**TASK BRIEF**
Reproduce only the lines below from the line containing "Tristrams warbler Species of bird" to the line containing "Introduction to Interdental Bushes - Video", exactly as written, with both end lines kept. Omit the pictures.

**DATA SECTION**
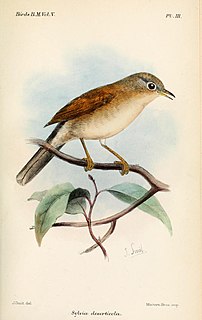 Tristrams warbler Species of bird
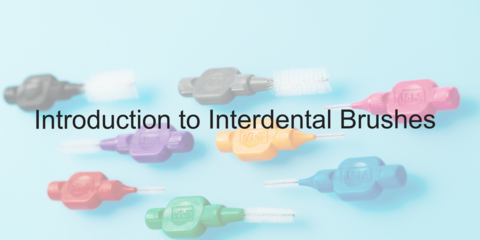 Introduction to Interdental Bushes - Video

--

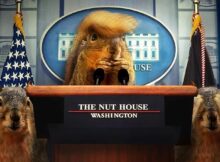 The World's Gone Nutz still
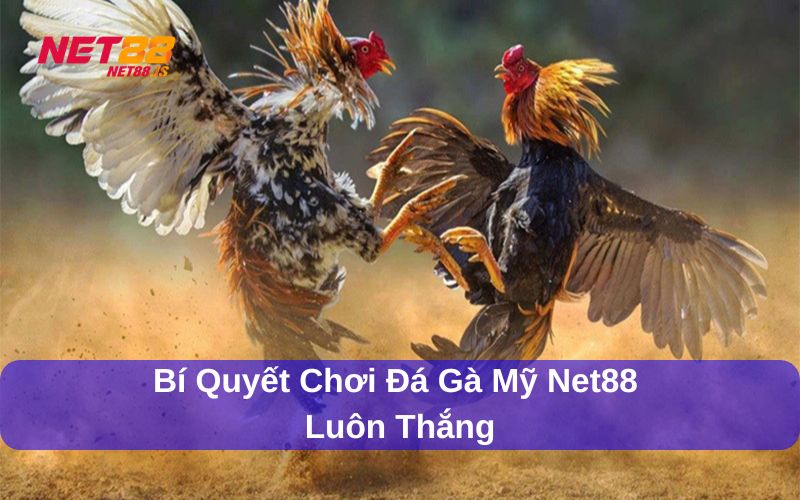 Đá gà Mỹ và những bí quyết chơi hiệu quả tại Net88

**SOLUTION FOR THIS TASK**
 Tristrams warbler Species of bird
 Introduction to Interdental Bushes - Video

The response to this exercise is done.